First things first: ans1 and ans2 are chars; you are doing strcmp(&ans2, "y") - here, "y" is a string (NULL terminated array of characters) because it is in double quotes. Before anything else, you should replace all your comparisons of those variables with something like

if(ans1 == 'y')

Also, when you read a character you should add a space in front of the %c just in case there is some whitespace or a stray new line from previous input - scanf(" %c", &ans1);

Answer 3

除去\\n中scanf("\\n%s" [...]和之前加入的空间%c在scanf("%c"和scanf("\\n%c"除去\\n ）可以帮助。

Answer 4

you could create a simple function to catch strays from scanf

void clear_input_buffer(void)
{
    char buffer[100];
    fgets(buffer, 100, stdin);
}

then include it after scanf

scanf("%s", name);
clear_input_buffer();

Answer 5

Short answer: I think your strings contain garbage!

Strings in C must be terminated by a Null byte ('\\0').
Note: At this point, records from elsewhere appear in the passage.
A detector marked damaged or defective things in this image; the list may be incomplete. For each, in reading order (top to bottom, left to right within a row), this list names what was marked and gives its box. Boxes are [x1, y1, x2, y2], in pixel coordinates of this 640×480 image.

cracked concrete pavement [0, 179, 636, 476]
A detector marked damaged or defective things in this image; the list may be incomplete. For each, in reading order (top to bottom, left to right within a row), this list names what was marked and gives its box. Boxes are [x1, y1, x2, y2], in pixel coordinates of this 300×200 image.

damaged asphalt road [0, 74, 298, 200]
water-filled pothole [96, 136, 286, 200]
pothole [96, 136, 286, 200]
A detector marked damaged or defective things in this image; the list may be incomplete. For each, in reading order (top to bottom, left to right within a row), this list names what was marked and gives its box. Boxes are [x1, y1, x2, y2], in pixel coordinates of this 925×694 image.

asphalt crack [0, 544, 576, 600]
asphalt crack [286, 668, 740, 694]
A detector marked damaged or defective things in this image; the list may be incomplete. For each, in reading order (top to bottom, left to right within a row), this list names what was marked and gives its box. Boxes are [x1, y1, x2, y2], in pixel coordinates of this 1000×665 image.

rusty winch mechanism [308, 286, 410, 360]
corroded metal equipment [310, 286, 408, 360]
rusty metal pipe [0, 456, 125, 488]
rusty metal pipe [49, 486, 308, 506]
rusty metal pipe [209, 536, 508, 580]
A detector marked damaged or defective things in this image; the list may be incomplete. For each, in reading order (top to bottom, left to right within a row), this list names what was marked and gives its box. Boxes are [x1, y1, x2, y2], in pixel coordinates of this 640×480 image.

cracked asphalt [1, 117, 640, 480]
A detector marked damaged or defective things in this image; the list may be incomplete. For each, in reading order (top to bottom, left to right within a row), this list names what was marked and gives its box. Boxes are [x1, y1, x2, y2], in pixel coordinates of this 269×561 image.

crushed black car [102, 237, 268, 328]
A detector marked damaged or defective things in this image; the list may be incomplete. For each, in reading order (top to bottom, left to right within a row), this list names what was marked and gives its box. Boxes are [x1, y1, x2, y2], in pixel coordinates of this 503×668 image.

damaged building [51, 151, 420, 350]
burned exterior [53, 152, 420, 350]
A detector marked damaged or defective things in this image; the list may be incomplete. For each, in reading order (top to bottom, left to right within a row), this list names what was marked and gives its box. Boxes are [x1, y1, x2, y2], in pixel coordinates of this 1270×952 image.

When you create a char array on the stack (or heap) the contents of that array may be filled with whatever junk your memory happened to have at the time. Try running this small program to see what I mean. One might predict this program will print 3 blank lines, but it should instead print 3 lines of random garbage (every time you run this program the garbage should be different).

#include <stdio.h>

int main(){

char name[32];
char partNum[32];
char desc[250];

printf("%s\n", name);
printf("%s\n", partNum);
printf("%s\n", desc);

}

There are a few things you could improve in the program you've posted, but to specifically address your string containing garbage, here is a simple solution:

Replace lines like char name[32]; to char *name = calloc(32, sizeof char); and be sure to free these memory allocations at the end of your program like this free(name) .

calloc sets all the memory it allocates to NULL so your strings will no longer contain garbage.

If you are experiencing garbage in your output file, that should do the trick.

Also note

You are using fixed size char arrays. What happens if a user decides to type something in thats longer than you expected? The input will bleed into other parts of memory and can affect the values of other variables.